Yet another scary reason to count down to calamity

Mon, Feb 6, 2012, 00:00

A nation can only take so much emergency, and we’ve been at this since 2008, writes ANN MARIE HOURIHANE

HOW MANY timebombs can one little country take? We’re up to here with blooming timebombs.

The latest is the cancer timebomb, discovered ticking away last week as the World Cancer Research Fund predicted a rise in Ireland of cancer cases of 71.77 per cent between now and 2030. You’ve got to admire the .77 there.

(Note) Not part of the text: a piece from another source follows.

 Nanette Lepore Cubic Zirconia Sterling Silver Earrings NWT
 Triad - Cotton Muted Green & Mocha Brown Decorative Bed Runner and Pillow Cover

Like many of the timebombs currently throbbing under the tawdry veil of ordinary life, the cancer timebomb is decidedly mixed, if you can screw up the courage to examine it. It seems the huge rise in the predicted number of cancer cases is directly attributable to our ageing population and the way it might throw tumours at you. And the fact our general population has grown. Yerra, never mind all that, it’s a timebomb all the same.

But not so fast, because the cancer timebomb is going to have to get in line behind all the others.

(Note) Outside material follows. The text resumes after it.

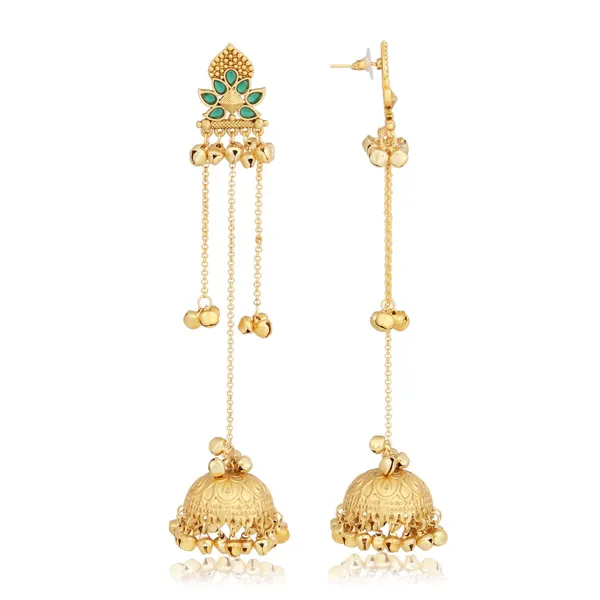 Floral_Jhumka_Earrings_with_Ghungroo_Chain_Tassels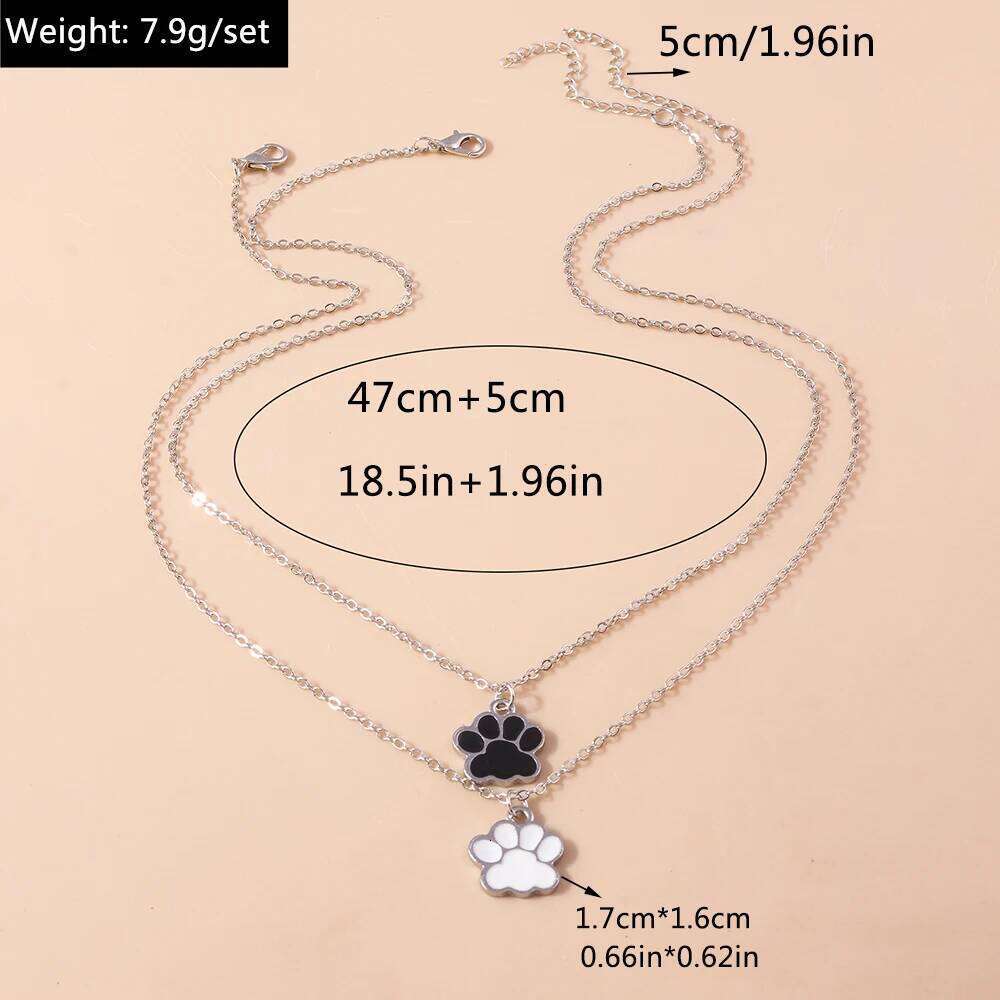 Cute Enamel Dog Cat Paw Necklaces for Women Men BFF Best Friends Couple Matching Pendant Necklace Set Birthday Gifts H260312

There’s the pensions timebomb, obviously, which is going to blow everyone but public servants into appalling geriatric poverty, and have us dying in dustbins, and then we’ll never be collected. There’s the mortgage timebomb, which is going to blow everyone but property developers and bankers out of their houses. That seems fair.

There’s the credit card timebomb, which was brought about simply by irresponsible women buying extremely expensive handbags, thus bringing their poor husbands to the point of ruin. There’s the obesity timebomb, which needs no explanation.

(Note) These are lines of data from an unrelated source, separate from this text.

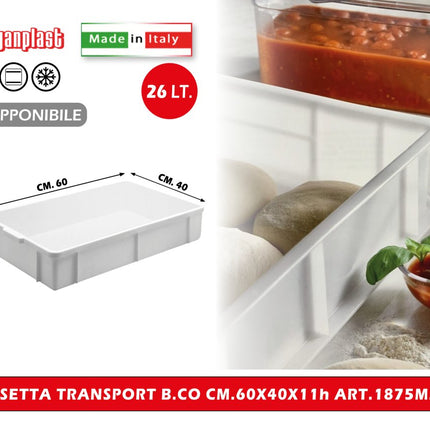 Giganplast CASSETTA TRANSPORT B.CO CM.60X40X11h ART.1875M2/BI Giganplast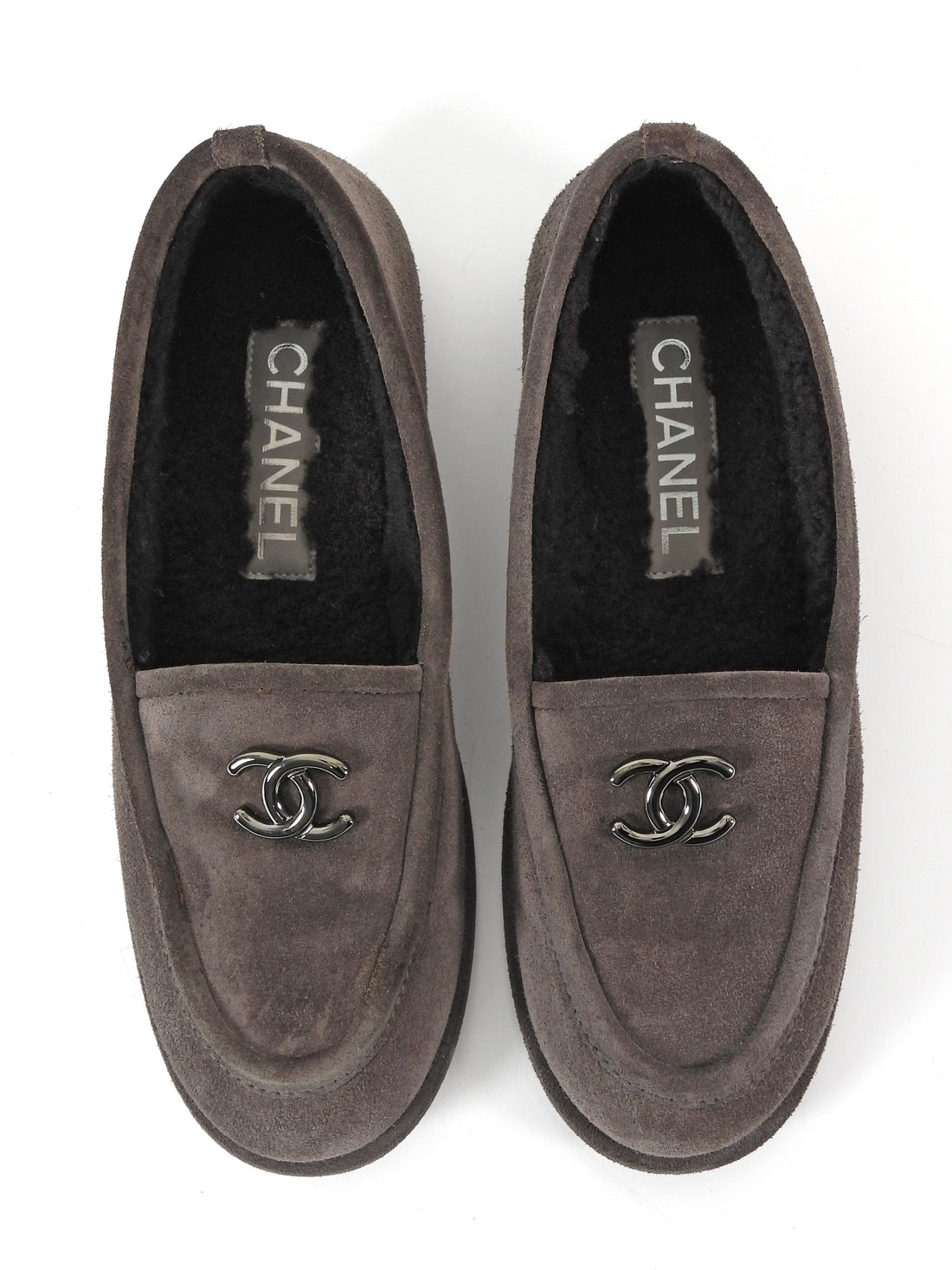 Chanel Mouse Brown Suede Ruthenium CC Shearling Lined Loafers - 37.5 (fits 36.5)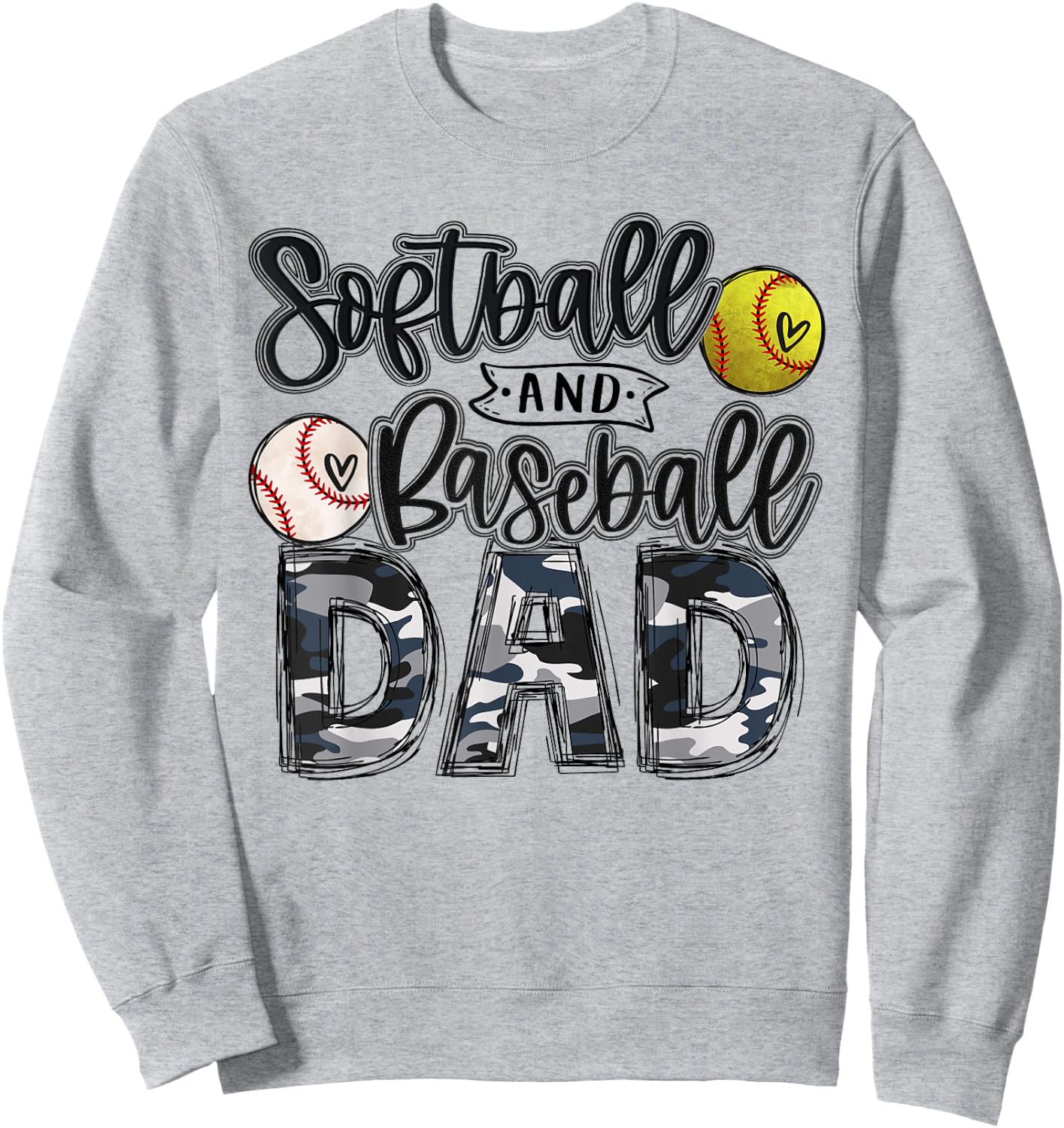 Baseball And Softball Dad of Both Softball Dad Baseball Dad Sweatshirt - Sweatshirt | Ash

There is also the dementia timebomb, which we are doing our best to forget.

There’s the emigration timebomb, which is particularly harmful to the GAA. There’s the immigration timebomb, which is hard to translate in real terms.

And then there are the international timebombs, of which the greatest is probably the global warming timebomb, which has the daffs out early. The whole thing is a catastrophe.

So here we have a country that was once cruising on a tide of adrenalin, beginning to shudder to a halt. A nation can only take so much emergency, and we’ve been at this since 2008.

You’ve heard of crisis management. Well in Ireland it may well be that our esteemed leaders don’t manage anything until it is a crisis – and that they don’t do so terribly well at that point either. Or it could just be that esteemed colleagues in the media are trying to whip up a headline . . . Goodness, it’s hard to tell which of those scenarios is more likely.

No wonder the general population is spending more and more of its time in its pyjamas. We are worn out with the worry and the crisis. We’ve got adrenal fatigue. Our anxiety levels are stratospheric. We are reaching the point where we simply cannot look disaster in the face any more; who knew that disaster had so many faces?

It hasn’t escaped our attention either that most of the people making these apocalyptic predictions about timebombs are prosperous types who are well got. They’re chatting to the radio programmes on their mobiles – they are too important to come into the studio – but in fact they could just as well be walking up and down the motorway wearing their “The End Is Nigh” sandwich boards. Which is not what we need right now.

It used to be said, by liberal and reformist types, that the type of Christianity practised in Ireland, both Protestant and Catholic, was particularly joyless and founded on the fear of hellfire. That may or may not have been true – there do seem to have been a lot of “No Singing” signs up in pubs in those apparently desperate days, a cheery sight which is unknown now. But the liberal and reformist types had no sooner got their hands on the levers of power than they started trying to scare us all to death.

In the old days you could go to church and pray like crazy, believing – or simply hoping – this might protect you and your children from harm. There isn’t a whole lot you can do about the pensions/ mortgage/credit card/dementia/immigration/emigration timebombs. We are helpless before them. This is not a good feeling.

Even the obesity and cancer timebombs, which we could partially defuse by changing our own behaviour, are presented to us as already achieved disasters which we can do nothing to prevent, which is simply inaccurate.

It is at this point the country pulls the national duvet over its head and decides to watch television for a living – and not current affairs programmes either. No wonder Downton Abbey has been such a smash. No wonder everybody’s drinking at home.

The Irish used to tiptoe their way around adversity in a genteel manner, hardly naming it. Now we’re being bombarded with crises by the people who are supposed to be on our side – government and media both. Things are bad enough – see the series on Ireland’s Squeezed Middle in this paper this week – without throwing in hysteria as well.

There are those of us who grew up in the age of the bomb scare. It must have been great craic phoning in a hoax bomb scare, but people got tired of all the unnecessary drama and started arresting the hoaxers. It’s just a thought.